→ Available data
● ● ● ● ● ● ●
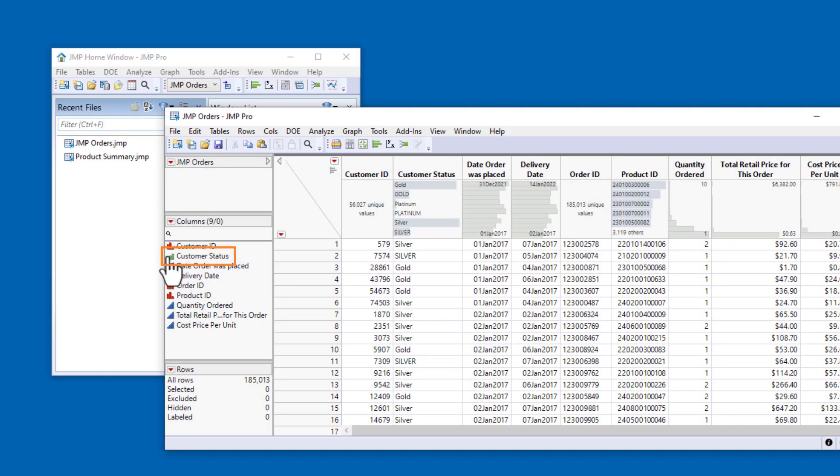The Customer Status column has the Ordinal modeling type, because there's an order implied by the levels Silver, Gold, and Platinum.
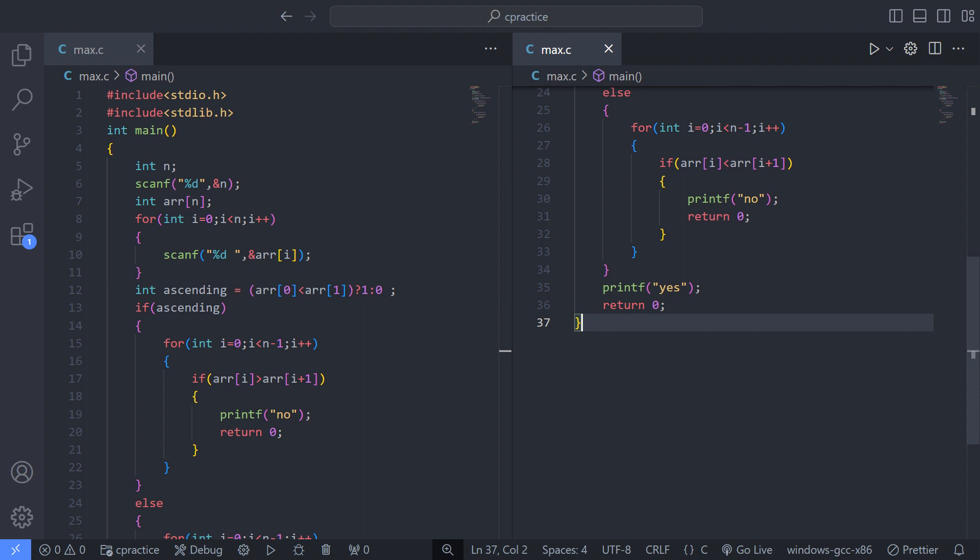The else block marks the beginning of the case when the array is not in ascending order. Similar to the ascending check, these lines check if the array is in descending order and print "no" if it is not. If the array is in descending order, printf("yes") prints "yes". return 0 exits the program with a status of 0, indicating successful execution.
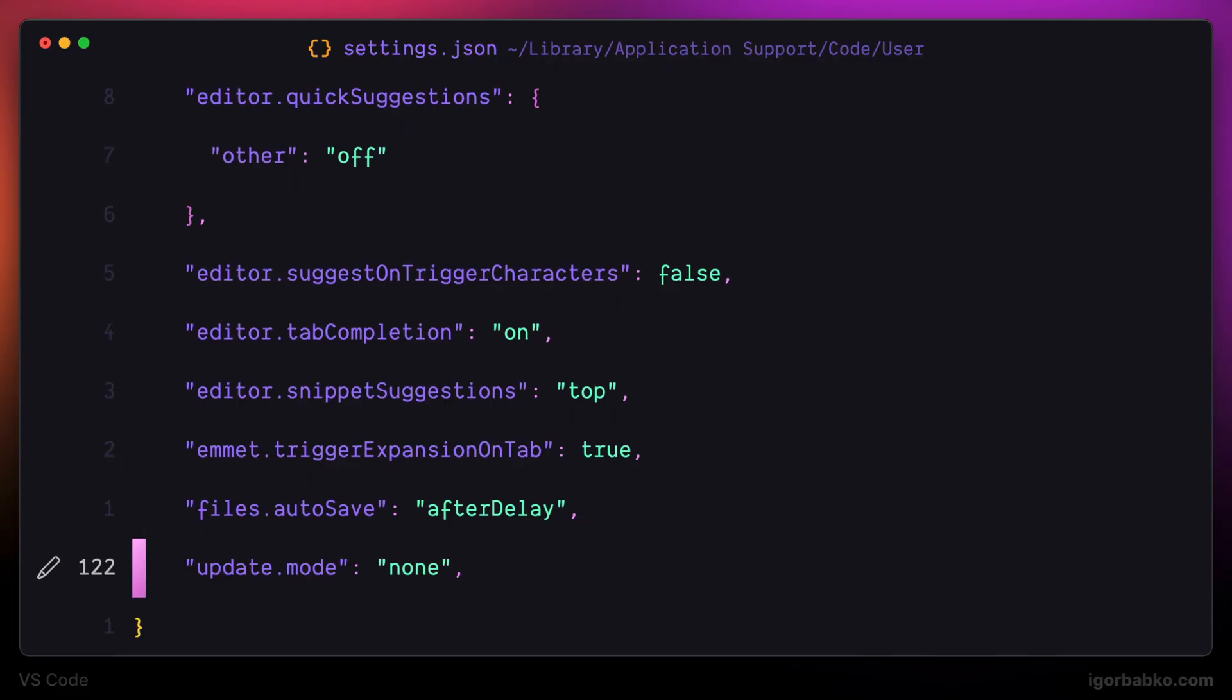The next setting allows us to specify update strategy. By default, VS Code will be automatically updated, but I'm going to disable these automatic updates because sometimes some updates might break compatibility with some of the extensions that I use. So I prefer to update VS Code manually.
● ● ● ● ● ● ●
→ Try it
What you return must match the material above exactly, apart from its pictures.

→ Written solution
The Customer Status column has the Ordinal modeling type, because there's an order implied by the levels Silver, Gold, and Platinum.
The else block marks the beginning of the case when the array is not in ascending order. Similar to the ascending check, these lines check if the array is in descending order and print "no" if it is not. If the array is in descending order, printf("yes") prints "yes". return 0 exits the program with a status of 0, indicating successful execution.
The next setting allows us to specify update strategy. By default, VS Code will be automatically updated, but I'm going to disable these automatic updates because sometimes some updates might break compatibility with some of the extensions that I use. So I prefer to update VS Code manually.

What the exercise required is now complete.